Luo Sheng
Division of Biostatistics, University of Texas School of Public Health, 1200 Pressler St., Houston, TX 77030, U.S.A.
Stat Med. 2014 Feb 20;33(4):580-94. doi: 10.1002/sim.5956. Epub 2013 Sep 6.
Impairment caused by Parkinson's disease (PD) is multidimensional (e.g., sensoria, functions, and cognition) and progressive. Its multidimensional nature precludes a single outcome to measure disease progression. Clinical trials of PD use multiple categorical and continuous longitudinal outcomes to assess the treatment effects on overall improvement. A terminal event such as death or dropout can stop the follow-up process. Moreover, the time to the terminal event may be dependent on the multivariate longitudinal measurements. In this article, we consider a joint random-effects model for the correlated outcomes. A multilevel item response theory model is used for the multivariate longitudinal outcomes and a parametric accelerated failure time model is used for the failure time because of the violation of proportional hazard assumption. These two models are linked via random effects. The Bayesian inference via MCMC is implemented in 'BUGS' language. Our proposed method is evaluated by a simulation study and is applied to DATATOP study, a motivating clinical trial to determine if deprenyl slows the progression of PD.
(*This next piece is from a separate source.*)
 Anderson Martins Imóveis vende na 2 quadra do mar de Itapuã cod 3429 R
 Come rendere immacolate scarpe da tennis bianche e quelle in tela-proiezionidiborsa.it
帕金森病(PD)所导致的损害具有多维度性(如感觉、功能和认知方面)且呈进行性发展。其多维度特性使得无法用单一结果来衡量疾病进展。PD的临床试验采用多种分类和连续的纵向结果来评估治疗对整体改善情况的效果。诸如死亡或退出试验等终末事件会中断随访过程。此外,发生终末事件的时间可能取决于多变量纵向测量结果。在本文中,我们考虑针对相关结果的联合随机效应模型。由于违反了比例风险假设,对于多变量纵向结果使用多级项目反应理论模型,对于失效时间则使用参数化加速失效时间模型。这两个模型通过随机效应相联系。通过马尔可夫链蒙特卡罗(MCMC)进行的贝叶斯推断是用“BUGS”语言实现的。我们所提出的方法通过模拟研究进行评估,并应用于DATATOP研究,这是一项旨在确定丙炔苯丙胺是否能减缓PD进展的具有启发性的临床试验。